Fabien Giraud and Raphaël Siboni: La Mémoire de Masse
Drinks 6pm, Screening 7pm, Conversation 7:15pm
‘Where that which predicts its past lives working and dies fighting.’
Foregrounding a frontal approach and experiments that often push materials and technical resources to the limits of their strength, scale and movement, the works of Fabien Giraud and Raphaël Siboni challenge the ever more obvious power of machines and “modes of existence” that are taking shape separately from us human beings, sometimes without our being able to see or inhabit them. Their long term project, The Unmanned, is a film series recounting in reverse a non-human history of technics. Eliminating all instrumental conception and at the same time making people a simple expression of its movement, the series retraces the path of an “unmanned” technique – in the sense of uninhabited vehicles in contemporary warfare.
The Unmanned series is divided in three seasons each comprising eight episodes. Nested into each other, each season unfolds on a different time scale. Recently premeried during the 13th Lyon Biennale, the Sixth episode of the first season, La Mémoire de Masse, unfolds during the second Canuts revolts in Lyon in 1834. These riots now known as the ‘bloody week’ came as a reaction to the automation of work in the silk industry by the Jacquard Loom and its implementation of the punched card – first historical ‘mass storage’ system allowing the inscription and replication of complex weaving patterns. This inaugurating event in the history of workers emancipation movements of the 19th century is actually the first revolt against modern computation.
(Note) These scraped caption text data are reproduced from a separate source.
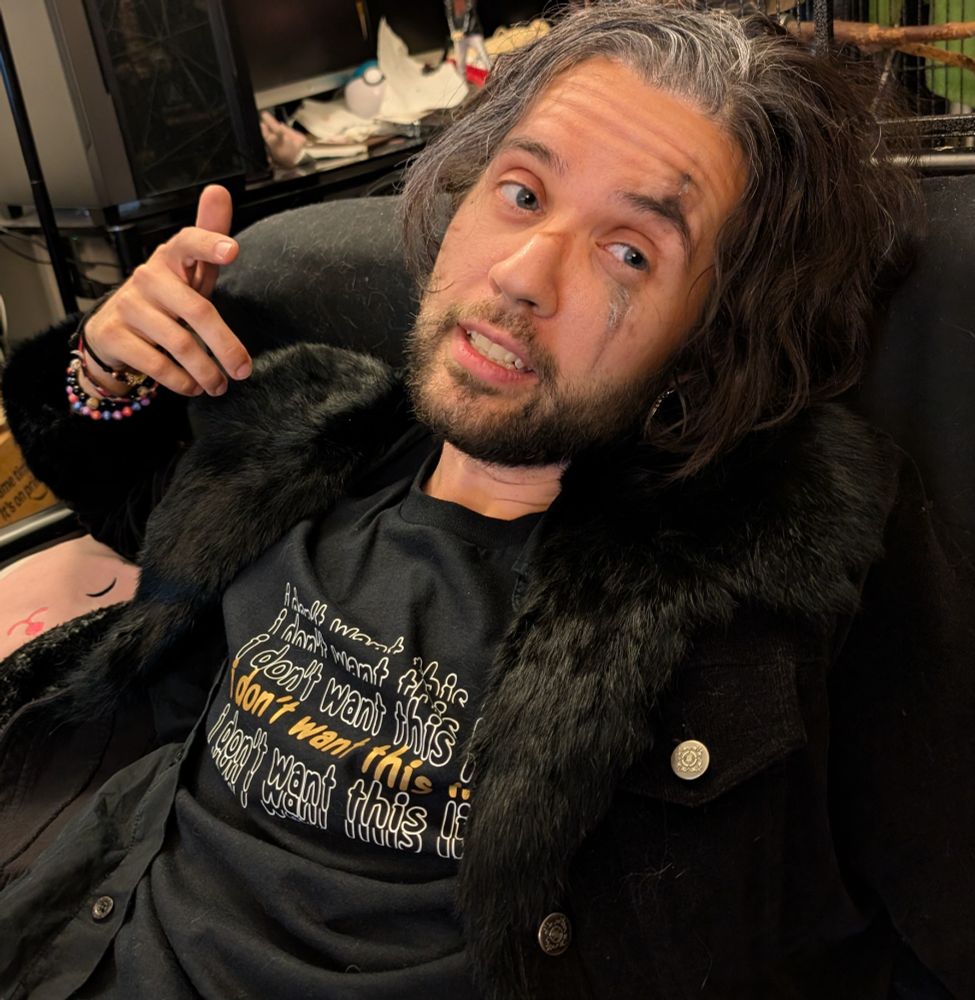 Photo of the person talking with his hand lifted.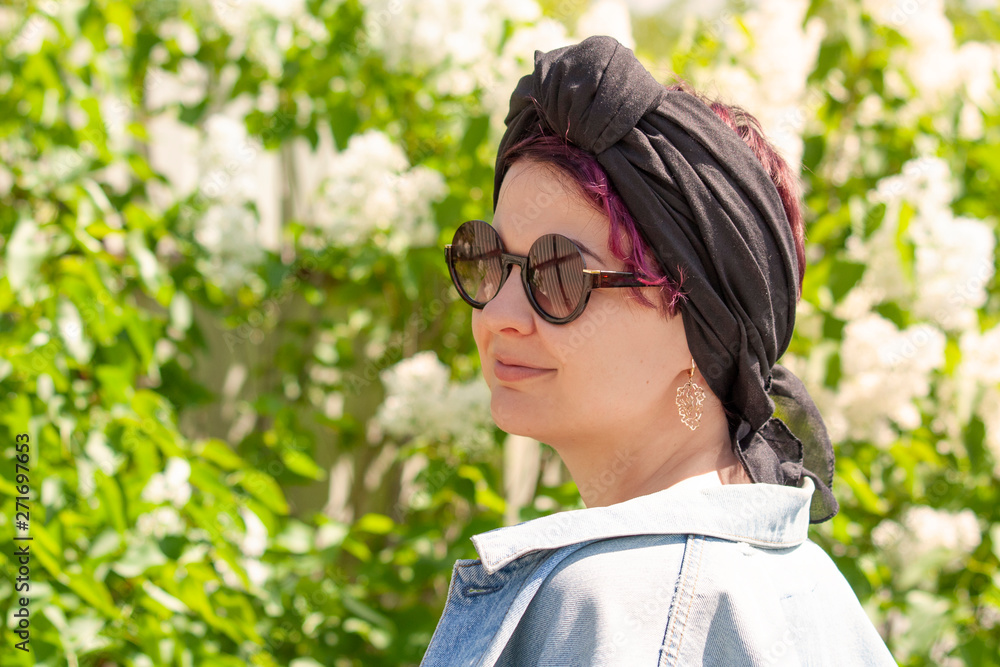 Modern girl in a scarf tied like a turban Modern girl in a scarf tied like a turban
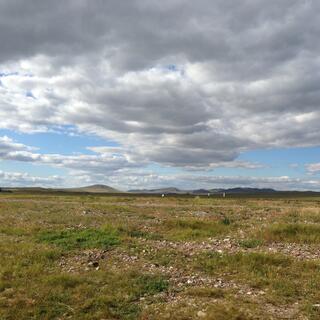 Shallow, shadowy mountains in the distance.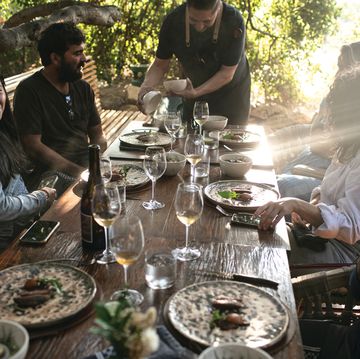 valle de guadalupe, baja california, mexico, guests enjoy a meal at animalon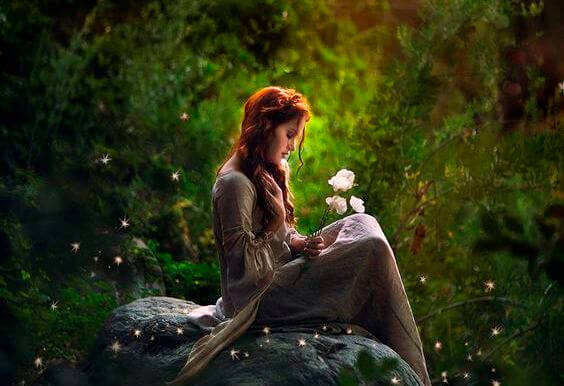 mujer en un bosque sujetando una flor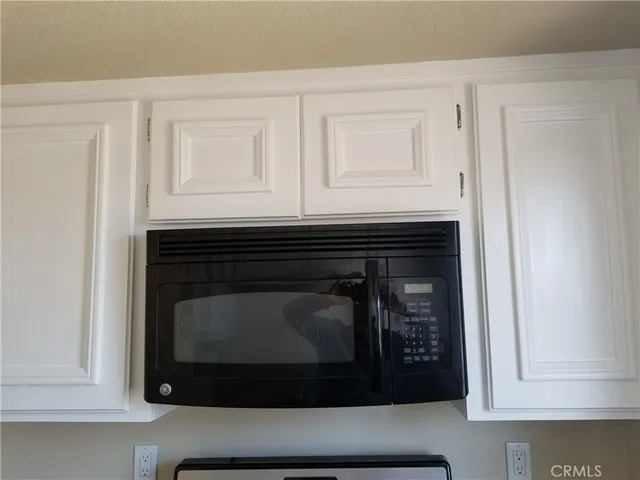 a stove top oven sitting inside of a kitchen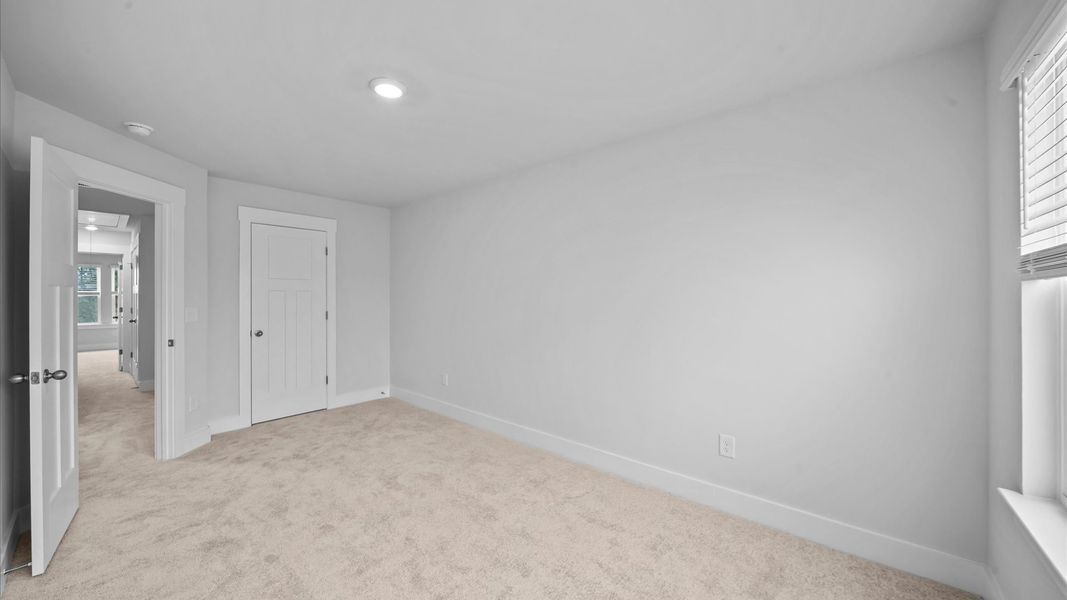 Bedroom with plush carpet underfoot and a thoughtfully planned walk-in closet at Saluda Crossing by DRB Homes in Piedmont, SC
Fully computer-generated, the riot sequence that splits the film in two parts operates a reversed history by transforming a revolt against the algorithm into an algorithm of revolt. Beyond this simple historical vexation, La Mémoire de Masse deploys a dual simulation: both as the reenactment of a past history and the prediction of an entirely different becoming.
The Unmanned is an experiment with time: it puts forward a conception of history in which any exploration of the past is inevitably a transformation of the present, in which any search for the origins of what we are is intrinsically bound to an estrangement with regard to what we could be.
Following the cocktail hour and screening of La Mémoire de Masse, the artists will join Dominic Willsdon, Leanne and George Roberts Curator Of Education and Public Practice at SFMOMA, in conversation.